Bab 23. Begitu Saja Kok Repot?

6 6 0
                                    


Enam tahun kemudian......

Iklan lowongan si Media SRB menarik perhatian Cinta. Media milik kakaknya itu sedang membutuhkan reporter dengan syarat berijazah S1, aktifis kampus, menyukai dunia jurnalistik dan mau bekerja keras.

"Ini dia nih!" cetus Cinta sambil menjentikan jarinya.

Dengan tergesa Cinta mematikan laptopnya dan mempersiapkan berkas lamarannya untuk di kirim ke media milik Iwan, kakaknya. 'Eh? Gimana kalau kakak tahu?' pikir Cinta bingung.

Cinta yakin kalau kakaknya itu tahu Cinta melamar di perusahaan miliknya, dia pasti marah dan tidak akan mengizinkan Cinta untuk masuk ke perusahaannya sebagai reporter.

"Coba dulu aja deh, siapa tahu lolos, semangat Cinta!" gumam Cinta menyemangati dirinya sendiri.

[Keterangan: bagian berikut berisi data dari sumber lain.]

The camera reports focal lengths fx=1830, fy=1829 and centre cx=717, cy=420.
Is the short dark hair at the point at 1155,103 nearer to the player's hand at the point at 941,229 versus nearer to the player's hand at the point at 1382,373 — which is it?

Selesai mempersiapkan persyaratan untuk melamar, Cinta pun mengirimkan lamarannya itu secara langsung dengan mendatangi kantor SRB. Kantor itu tampak lengang, mungkin karena sebagian besar karyawannya yang merupakan iklan dan redaksi sedang sibuk liputan dan tugas di luar. Cinta mengeluarkan amplop coklat yang berisi berkas lamarannya dari tas, saat dia sampai di meja resepsionis.

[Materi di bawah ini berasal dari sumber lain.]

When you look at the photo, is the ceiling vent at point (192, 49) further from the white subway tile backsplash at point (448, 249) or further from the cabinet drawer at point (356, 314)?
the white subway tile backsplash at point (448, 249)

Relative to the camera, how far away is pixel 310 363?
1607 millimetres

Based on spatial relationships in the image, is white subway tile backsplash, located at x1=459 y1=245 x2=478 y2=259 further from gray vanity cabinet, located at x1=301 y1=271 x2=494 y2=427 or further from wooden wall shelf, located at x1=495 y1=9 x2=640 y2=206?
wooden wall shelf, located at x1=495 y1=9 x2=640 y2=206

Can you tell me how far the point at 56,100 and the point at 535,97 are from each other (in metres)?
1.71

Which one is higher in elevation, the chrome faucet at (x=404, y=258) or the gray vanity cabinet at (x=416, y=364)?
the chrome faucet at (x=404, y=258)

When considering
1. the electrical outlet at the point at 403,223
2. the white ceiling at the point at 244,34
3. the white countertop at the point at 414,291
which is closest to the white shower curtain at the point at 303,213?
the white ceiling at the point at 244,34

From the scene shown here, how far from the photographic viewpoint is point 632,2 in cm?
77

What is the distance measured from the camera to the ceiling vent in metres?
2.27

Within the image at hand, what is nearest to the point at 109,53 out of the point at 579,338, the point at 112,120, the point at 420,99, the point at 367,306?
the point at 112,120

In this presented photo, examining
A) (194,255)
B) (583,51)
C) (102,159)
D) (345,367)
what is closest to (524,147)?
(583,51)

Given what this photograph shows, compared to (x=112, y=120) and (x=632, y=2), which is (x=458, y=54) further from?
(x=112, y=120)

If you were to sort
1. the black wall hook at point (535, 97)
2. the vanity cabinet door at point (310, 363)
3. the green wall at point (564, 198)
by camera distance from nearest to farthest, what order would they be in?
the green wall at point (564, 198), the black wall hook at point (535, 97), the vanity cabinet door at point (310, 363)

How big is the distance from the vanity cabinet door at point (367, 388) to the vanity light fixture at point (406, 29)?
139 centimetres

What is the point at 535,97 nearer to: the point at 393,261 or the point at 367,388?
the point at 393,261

"Mau melamar jadi reporter ya?" tanya resepsionis itu ramah.

"Iya, kak," sahut Cinta sambil menyerahkan amplop yang berisi berkas lamarannya kepada sang resepsionis.

"Oke, nanti lihat pengumumannya di Email dan di media SRB ya? Sekitar seminggu lagi."

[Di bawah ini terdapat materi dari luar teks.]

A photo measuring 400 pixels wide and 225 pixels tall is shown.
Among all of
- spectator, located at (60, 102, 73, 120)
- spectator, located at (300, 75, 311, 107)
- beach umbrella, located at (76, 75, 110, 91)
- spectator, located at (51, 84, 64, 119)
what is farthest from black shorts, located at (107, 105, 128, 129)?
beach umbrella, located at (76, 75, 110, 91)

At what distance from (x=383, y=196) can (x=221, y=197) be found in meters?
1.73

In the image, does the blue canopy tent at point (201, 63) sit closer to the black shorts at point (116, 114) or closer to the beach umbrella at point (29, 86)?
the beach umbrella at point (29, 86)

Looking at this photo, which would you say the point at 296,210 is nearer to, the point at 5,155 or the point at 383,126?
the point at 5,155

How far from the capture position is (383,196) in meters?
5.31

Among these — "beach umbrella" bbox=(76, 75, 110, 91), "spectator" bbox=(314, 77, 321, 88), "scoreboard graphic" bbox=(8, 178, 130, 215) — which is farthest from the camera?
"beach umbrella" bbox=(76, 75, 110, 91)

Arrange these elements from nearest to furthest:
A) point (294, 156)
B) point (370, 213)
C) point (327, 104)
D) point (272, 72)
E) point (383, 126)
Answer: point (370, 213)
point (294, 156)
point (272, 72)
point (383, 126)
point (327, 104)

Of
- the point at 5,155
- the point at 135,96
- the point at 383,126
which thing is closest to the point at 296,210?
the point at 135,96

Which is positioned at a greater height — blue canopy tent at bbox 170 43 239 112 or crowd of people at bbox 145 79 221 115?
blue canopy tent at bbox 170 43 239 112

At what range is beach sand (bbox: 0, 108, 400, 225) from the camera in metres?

"Baik kak," kata Cinta sambil menganggukkan kepalanya dan mengucapkan terimakasih kepada resepsionis itu sebelum keluar dari kantor SRB.

Wahyu sang Redaktur pelaksana SRB tampak sibuk memeriksa berkas lamaran yang masuk, ketika Dian, sekretaris redaksinya menyerahkan berkas lamaran yang masuk hari ini.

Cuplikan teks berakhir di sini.